[Libreoffice-commits] mso-dumper.git: msodumper/xlsrecord.py msodumper/xlsstream.py
Kohei Yoshida
kohei.yoshida at gmail.com
Fri Jul 11 16:02:06 PDT 2014
msodumper/xlsrecord.py | 318 ++++++++++++++++++++++++++++++++++---------------
msodumper/xlsstream.py | 4
2 files changed, 228 insertions(+), 94 deletions(-)
New commits:
commit ff0dc534560702f5af16a1a15f368f6c6e083d54
Author: Kohei Yoshida <kohei.yoshida at gmail.com>
Date: Fri Jul 11 18:51:21 2014 -0400
Handle change cell and ins/del rows/columns records in change tracking.
The change cell record is a redo of my previous handler code, to get
more details.
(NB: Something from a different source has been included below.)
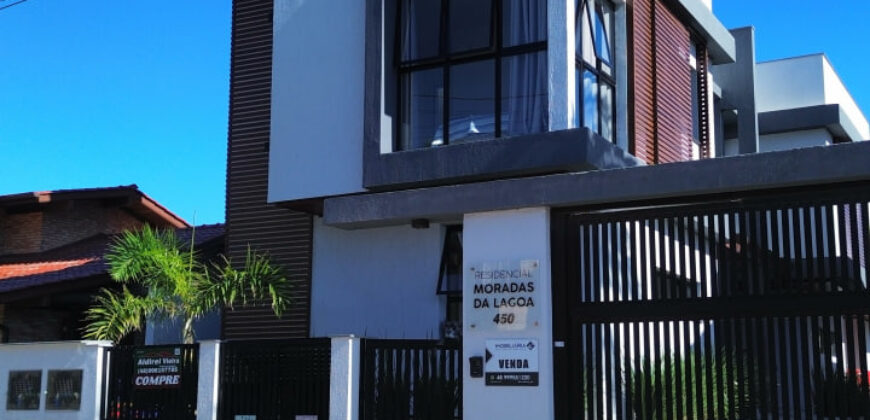 Residencial Moradas da Lagoa, localizado no centro de Garopaba-SC.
This is still work-in-progress.
diff --git a/msodumper/xlsrecord.py b/msodumper/xlsrecord.py
index 463e783..181a2a8 100644
--- a/msodumper/xlsrecord.py
+++ b/msodumper/xlsrecord.py
@@ -15,6 +15,32 @@ class RecordError(Exception): pass
# -------------------------------------------------------------------
# record handler classes
+class ColRelU(object):
+
+ def __init__ (self, strm):
+ self.col = strm.readUnsignedInt(2)
+ self.colRelative = (self.col & 0x4000) != 0
+ self.rowRelative = (self.col & 0x8000) != 0
+ self.col = self.col & 0x3FFF
+
+
+class RgceLoc(object):
+
+ def __init__ (self, strm):
+ self.row = strm.readUnsignedInt(2)
+ self.column = ColRelU(strm)
+
+ def toString (self):
+ s = ''
+ if not self.column.colRelative:
+ s += '$'
+ s += formula.toColName(self.column.col)
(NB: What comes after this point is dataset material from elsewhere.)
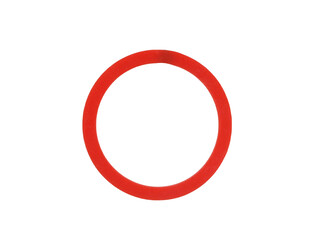 Silicone ring voor kuvette 85 mm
+ if not self.column.rowRelative:
+ s += '$'
+ s += "%d"%(self.row+1)
+ return s
+
+
class Ref8(object):
def __init__ (self, strm):
@@ -58,6 +84,14 @@ class Ref8U(object):
self.col1 = strm.readUnsignedInt(2)
self.col2 = strm.readUnsignedInt(2)
+ def toString (self):
+ rge = formula.CellRange()
+ rge.firstRow = self.row1
+ rge.firstCol = self.col1
+ rge.lastRow = self.row2
+ rge.lastCol = self.col2
+ return rge.toString()
+
class RKAuxData(object):
"""Store auxiliary data for RK value"""
@@ -4010,100 +4044,200 @@ class SXRng(BaseRecordHandler):
# -------------------------------------------------------------------
# CT - Change Tracking
-class CTCellContent(BaseRecordHandler):
-
- EXC_CHTR_TYPE_MASK = 0x0007
- EXC_CHTR_TYPE_FORMATMASK = 0xFF00
- EXC_CHTR_TYPE_EMPTY = 0x0000
- EXC_CHTR_TYPE_RK = 0x0001
- EXC_CHTR_TYPE_DOUBLE = 0x0002
- EXC_CHTR_TYPE_STRING = 0x0003
- EXC_CHTR_TYPE_BOOL = 0x0004
- EXC_CHTR_TYPE_FORMULA = 0x0005
-
- def parseBytes (self):
- size = globals.getSignedInt(self.readBytes(4))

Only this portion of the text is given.